Richard Flanagan’s First Person centres on the writer of a biography, a ghost writer haunted by his demonic subject, examining the intersections between lies and literature, between truth and its distortions.
The Marriage Plot, by Jeffrey Eugenides, is a novel about contemporary relationships which is set against the conventions of love, romance and marriage found in novels from the past, and asks what marriage in fiction means in an age of prenuptials and divorce.
Depicting writer Henry James during the late 19th century, The Master by Colm Tóibín imagines the internal struggles which underlay the lonely life in which he produced literary masterpieces.
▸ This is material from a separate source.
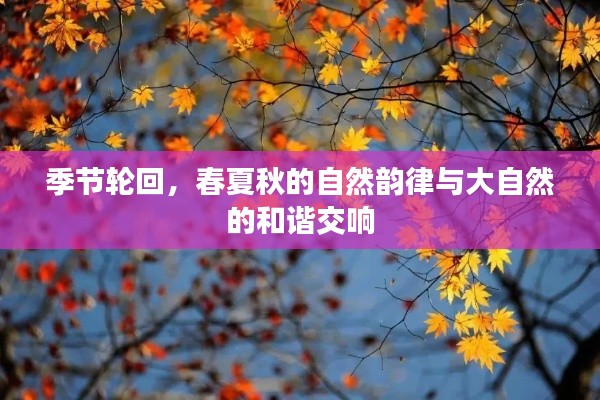 季节轮回，春夏秋的自然韵律与大自然的和谐交响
Damien Wilkins imagines the last days of Thomas Hardy’s life in Max Gate, his beloved house in Dorset, where his literary friends bicker bitterly about his legacy.
The international bestseller The Book Thief, by Marcus Zusak, is set in Nazi Germany during WWII and tells how Liesel uses writing and the sharing of the written word as acts of resistance.
In The Starless Sea, by Erin Morganstern, we begin with snippets of magical stories, before the book loops upon itself and a character in one of them finds the book we’re reading, and recognises himself to be a character in it.
A student researching a writer comes across a book rumoured to be cursed in Scarlett Thomas’ The End of Mr Y; the book is a gateway to the troposphere – the place where all consciousness is connected – and thus begins an exploration of the relationships between quantum physics and post-modernist theory.